Williams doesn’t exactly exude rah-rah-osity, but it’s not as if Chris Paul is the cheeriest sort either. What this appears to be coming down to, again, is more boring issues. As Beck noted in his gamer, the Nets aren’t quick and trusting with their ball movement. And the defense, too often, looks like some of the NBA’s worst. Also – there are a lot of good teams out there that Brooklyn keeps losing to.

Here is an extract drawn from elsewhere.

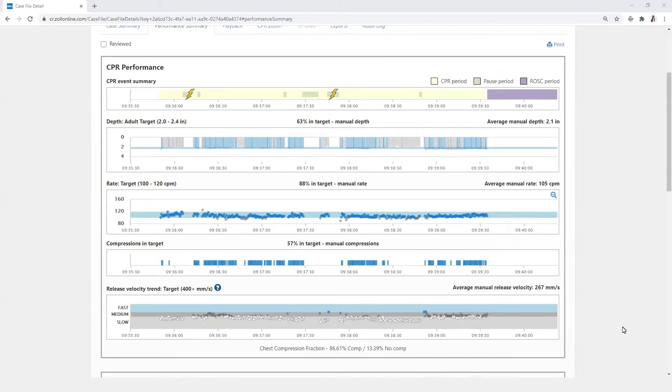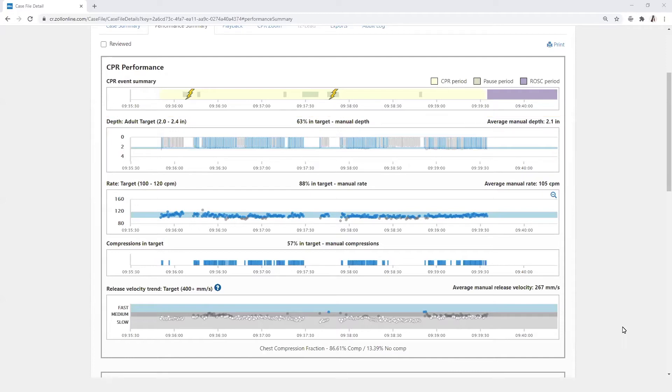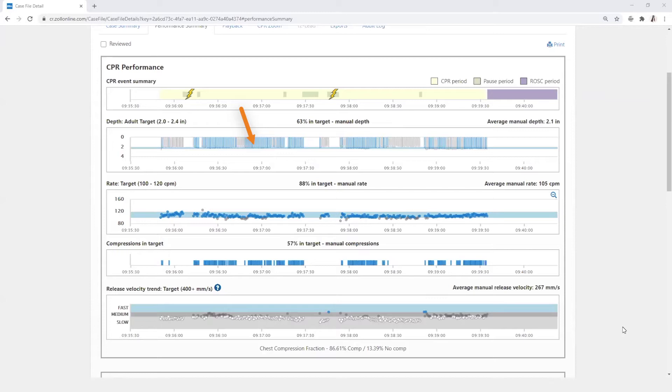Shocks are identified by the lightning bolt symbol. The depth target is specified and can be set to reflect AHA or ERC guidelines. The target is also identified by the blue horizontal line in the graph. Each compression is reflected by a vertical bar.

Again, this is yawn-worthy stuff that doesn’t rank all that highly in terms of soap opera clickability. The same issues that we anticipated dogging Brooklyn last July when they put this squad together are still there. The team has to be lights out on offense in order to make up for its middling defense. And when the defense fails to jump to the middle? It’s a horror show, and Tiago Splitter and Tony Parker can screen and roll their way into a 60-point Spurs second half.

Brooklyn was scorched time and time again on Sunday in the screen and roll, as both Brook Lopez and Williams were caught out of position (often needlessly overplaying in an attempt to play hard instead of playing smart, at least in Lopez’s case), as San Antonio carved them up.

The Nets are 17th overall defensively, and that’s right around where a lot of us had them entering the year. It’s that ninth ranking offensively that is doing the most damage. This lineup isn’t going to improve significantly on the defensive end. For them to boast three max level players in Williams, Lopez and Joe Johnson and still continually struggle for good looks? For things to appear this stagnant, more than halfway into the season and nearly two months after Lopez’s return to action? It’s not acceptable.

Deron Williams, who hasn’t been the same since undergoing right wrist surgery in April of 2011, needs to play better. He’s never going to lock a Tony Parker up, but 16.7 points and 7.6 assists per game on 41 percent shooting, with below-average three-point work, is not going to cut it. This is the sort of production that has GMs and scouts looking at your eye-roll work.

And the trade rumors? Atlanta GM Danny Ferry is the man who came into Georgia and almost immediately dumped his team’s most famous player for assets and cap flexibility. He’s not going to deal Josh Smith in the midst of a playoff run for a guy in Kris Humphries that is having a terrible year, doesn’t play defense, and doesn’t provide spacing.

Unless he’s feeling pressure from team ownership to waste all of his 2013 cap space on Humphries, who makes $12 million next year, Ferry isn’t going to perform and about face just to save face in case Smith leaves as a free agent this summer. Unless he’s gone completely mad, or he’s being overruled … or the Nets just wanted to drive Humphries’ worth up through the media.

Things won’t be getting any easier. Seven of the team’s next nine games come against playoff teams, and the group is already a game and a half in back of the Chicago Bulls for the fourth seed (and home court advantage in the first round of the playoffs) in the East, and Chicago hasn’t fielded its best player all year.

The Nets franchise has spent nearly four years under current ownership preparing to field a team of stars with a massive payroll while playing in Brooklyn. GM Billy King could make a move, and there’s always the chance that P.J. Carlesimo will be shuffled out this summer for the team’s latest savior at head coach.

For now, though, the answer has to come from within. The team has to start shooting straight, in order to make up for the fact that sometimes that defense will lead you straight to the front of the rim.